-------- Supplied entries --------

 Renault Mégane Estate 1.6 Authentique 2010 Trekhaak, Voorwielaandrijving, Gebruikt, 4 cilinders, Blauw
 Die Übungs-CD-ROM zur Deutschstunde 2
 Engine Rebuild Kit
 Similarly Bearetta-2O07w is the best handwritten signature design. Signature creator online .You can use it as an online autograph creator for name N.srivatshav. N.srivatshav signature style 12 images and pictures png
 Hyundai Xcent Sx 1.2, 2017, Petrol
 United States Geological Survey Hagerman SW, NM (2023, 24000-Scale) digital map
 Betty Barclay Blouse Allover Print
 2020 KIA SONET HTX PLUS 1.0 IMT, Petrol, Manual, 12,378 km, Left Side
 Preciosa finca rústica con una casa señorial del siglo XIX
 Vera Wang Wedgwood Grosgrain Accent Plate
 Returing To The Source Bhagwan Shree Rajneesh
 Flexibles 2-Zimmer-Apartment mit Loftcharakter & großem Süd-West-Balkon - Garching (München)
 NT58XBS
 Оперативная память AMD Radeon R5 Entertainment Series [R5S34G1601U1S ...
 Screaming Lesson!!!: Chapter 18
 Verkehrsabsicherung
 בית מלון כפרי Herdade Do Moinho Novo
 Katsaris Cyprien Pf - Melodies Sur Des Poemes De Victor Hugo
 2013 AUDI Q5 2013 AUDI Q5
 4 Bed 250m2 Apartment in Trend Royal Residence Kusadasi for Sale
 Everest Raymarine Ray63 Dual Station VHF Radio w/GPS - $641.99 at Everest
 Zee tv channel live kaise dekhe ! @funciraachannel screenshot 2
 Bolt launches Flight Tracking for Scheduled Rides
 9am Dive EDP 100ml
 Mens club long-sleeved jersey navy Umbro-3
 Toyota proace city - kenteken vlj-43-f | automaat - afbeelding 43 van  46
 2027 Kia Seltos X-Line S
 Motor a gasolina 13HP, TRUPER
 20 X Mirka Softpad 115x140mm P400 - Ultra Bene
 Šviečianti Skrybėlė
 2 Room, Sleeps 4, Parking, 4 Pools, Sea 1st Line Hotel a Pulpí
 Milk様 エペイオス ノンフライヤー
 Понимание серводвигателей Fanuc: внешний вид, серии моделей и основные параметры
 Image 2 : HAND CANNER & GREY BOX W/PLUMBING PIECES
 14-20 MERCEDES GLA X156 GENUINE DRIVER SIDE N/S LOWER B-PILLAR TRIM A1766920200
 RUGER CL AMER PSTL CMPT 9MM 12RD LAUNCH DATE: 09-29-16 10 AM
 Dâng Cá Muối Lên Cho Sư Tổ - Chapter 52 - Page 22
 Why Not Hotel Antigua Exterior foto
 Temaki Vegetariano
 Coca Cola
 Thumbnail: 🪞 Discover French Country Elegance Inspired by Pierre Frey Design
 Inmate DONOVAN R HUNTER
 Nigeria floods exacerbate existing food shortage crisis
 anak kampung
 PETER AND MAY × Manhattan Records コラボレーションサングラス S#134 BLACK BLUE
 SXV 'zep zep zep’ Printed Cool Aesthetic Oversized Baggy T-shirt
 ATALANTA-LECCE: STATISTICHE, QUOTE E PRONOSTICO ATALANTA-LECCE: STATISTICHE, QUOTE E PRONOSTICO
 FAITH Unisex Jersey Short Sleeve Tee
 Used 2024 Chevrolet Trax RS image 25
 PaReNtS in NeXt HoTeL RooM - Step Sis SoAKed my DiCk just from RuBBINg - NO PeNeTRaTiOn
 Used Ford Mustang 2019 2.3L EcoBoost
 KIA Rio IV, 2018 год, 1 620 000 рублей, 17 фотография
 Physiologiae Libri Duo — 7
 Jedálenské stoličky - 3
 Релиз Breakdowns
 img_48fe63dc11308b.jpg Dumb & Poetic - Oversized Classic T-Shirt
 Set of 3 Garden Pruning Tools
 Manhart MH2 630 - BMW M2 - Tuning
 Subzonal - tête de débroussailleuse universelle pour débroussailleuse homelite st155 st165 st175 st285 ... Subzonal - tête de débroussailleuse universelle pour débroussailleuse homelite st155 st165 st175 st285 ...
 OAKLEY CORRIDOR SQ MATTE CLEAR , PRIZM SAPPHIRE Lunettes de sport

--------

Work instructions: Word for word, set down the lines from the beginning of the records through the line that holds "Engine Rebuild Kit". Leave out the rest.

Written solution:
 Renault Mégane Estate 1.6 Authentique 2010 Trekhaak, Voorwielaandrijving, Gebruikt, 4 cilinders, Blauw
 Die Übungs-CD-ROM zur Deutschstunde 2
 Engine Rebuild Kit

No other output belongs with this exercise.